Fig. 1: Schematic illustration of the AGRN model.

a Input components of the AGRN framework. An AGRN model takes as model inputs: (i) the cell differentiation topology of a given developmental process, i.e., the order of the subsequent developmental stages corresponding to different cellular identities, and (ii) the stage-specific binary representations of individual gene expression states in the form of developmental stage vectors.

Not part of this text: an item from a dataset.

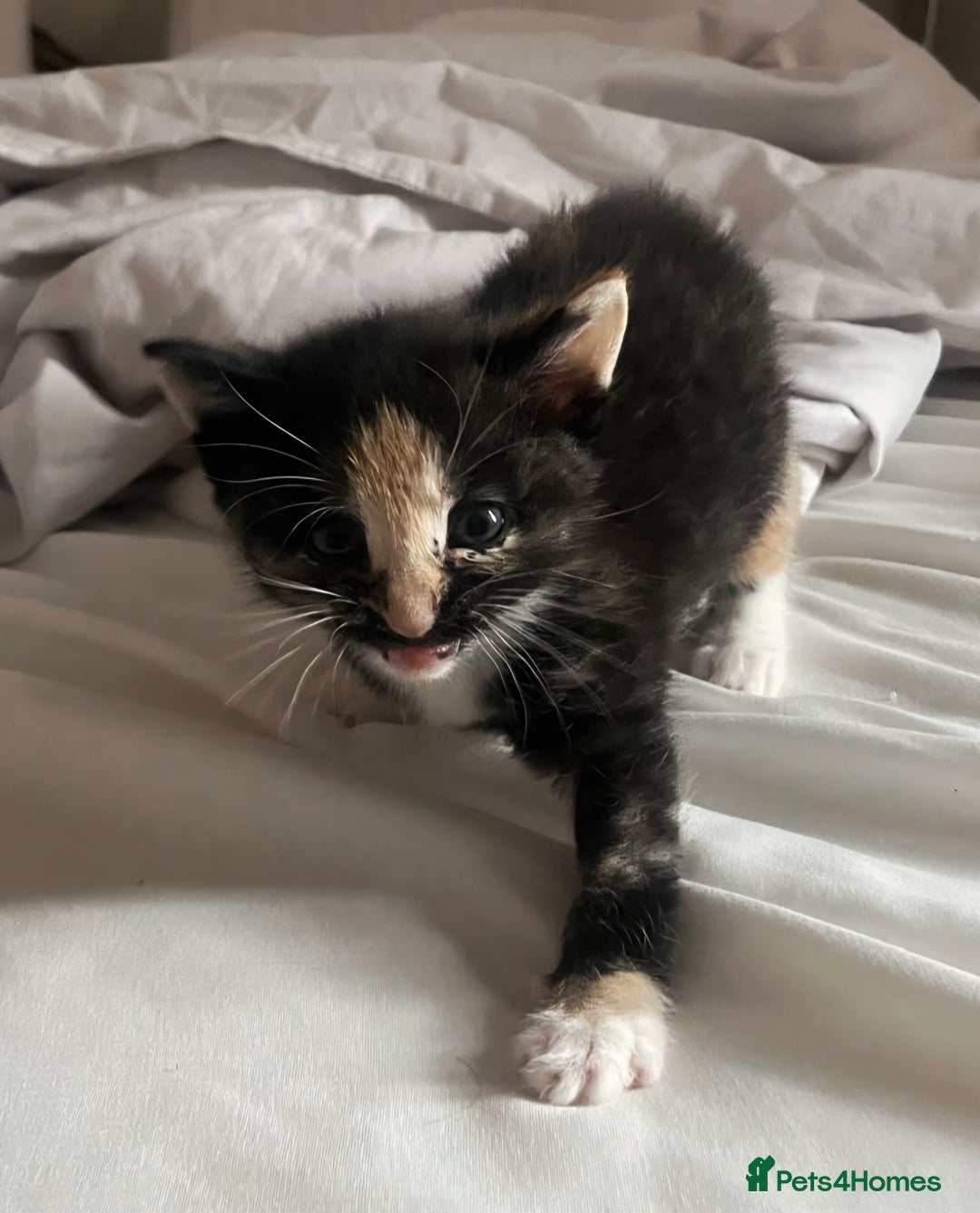 European cats for sale: Adorable Ginger Kittens Looking for Loving Homes - Image 2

In the developmental stage vectors, colored cells represent on and empty cells represent off gene expression states. The input components are then used to construct a regulatory program matrix M according to simple, modular algebraic rules described in Eqs. (4–6). The M matrix then governs the dynamics of the model by regulating the expression levels of individual genes (p_i) as described by the system of differential equations in Eq. 1. (b). c Output components of the AGRN framework. The attractor dynamics is realized by a series of elementary transitions encoded by the associative memory of the matrix. At fork and conditional transitions, in concert with cell-intrinsic machinery (represented by the regulatory program matrix), instructive external signals (triggers) determine the behavior of the system. Pink marbles represent the system’s current state, continuous green- and dashed red arrows represent default- and trigger-induced differentiation pathways, respectively. Gray arrows with blurred end represent previous transitions. The elementary transitions correspond to time series of gene expression level changes (here, for simplicity, only the expression of one key gene per stage is shown). To measure the performance of the model over time, we calculated the Pearson correlation coefficients (r) between the state of the gene expression vector (p(t)) and each developmental stage vector at all t + ∆t time points (d).